◆ Task description
Skip all lines in the entries below that come before the one containing "ACS06501 - Galaxy". Repeat that line and the rest exactly.

-------- Source data --------

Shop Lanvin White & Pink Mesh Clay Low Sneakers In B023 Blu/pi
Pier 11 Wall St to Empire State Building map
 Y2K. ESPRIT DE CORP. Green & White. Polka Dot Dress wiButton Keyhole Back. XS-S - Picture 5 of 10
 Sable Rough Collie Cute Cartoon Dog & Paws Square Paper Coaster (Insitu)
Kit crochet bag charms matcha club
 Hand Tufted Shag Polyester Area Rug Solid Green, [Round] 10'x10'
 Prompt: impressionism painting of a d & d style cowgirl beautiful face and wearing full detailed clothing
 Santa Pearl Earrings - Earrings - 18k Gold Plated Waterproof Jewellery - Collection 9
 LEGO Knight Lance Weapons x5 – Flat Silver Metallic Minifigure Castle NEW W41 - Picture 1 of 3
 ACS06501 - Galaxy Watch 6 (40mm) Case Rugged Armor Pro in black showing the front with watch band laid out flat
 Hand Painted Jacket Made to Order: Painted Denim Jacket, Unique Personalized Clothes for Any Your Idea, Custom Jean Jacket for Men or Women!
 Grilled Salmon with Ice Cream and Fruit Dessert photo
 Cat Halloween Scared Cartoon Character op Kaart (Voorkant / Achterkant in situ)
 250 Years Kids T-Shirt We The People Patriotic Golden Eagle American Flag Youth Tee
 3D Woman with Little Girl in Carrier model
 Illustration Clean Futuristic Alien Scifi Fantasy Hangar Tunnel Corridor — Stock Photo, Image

--------

◆ Result for this exercise
 ACS06501 - Galaxy Watch 6 (40mm) Case Rugged Armor Pro in black showing the front with watch band laid out flat
 Hand Painted Jacket Made to Order: Painted Denim Jacket, Unique Personalized Clothes for Any Your Idea, Custom Jean Jacket for Men or Women!
 Grilled Salmon with Ice Cream and Fruit Dessert photo
 Cat Halloween Scared Cartoon Character op Kaart (Voorkant / Achterkant in situ)
 250 Years Kids T-Shirt We The People Patriotic Golden Eagle American Flag Youth Tee
 3D Woman with Little Girl in Carrier model
 Illustration Clean Futuristic Alien Scifi Fantasy Hangar Tunnel Corridor — Stock Photo, Image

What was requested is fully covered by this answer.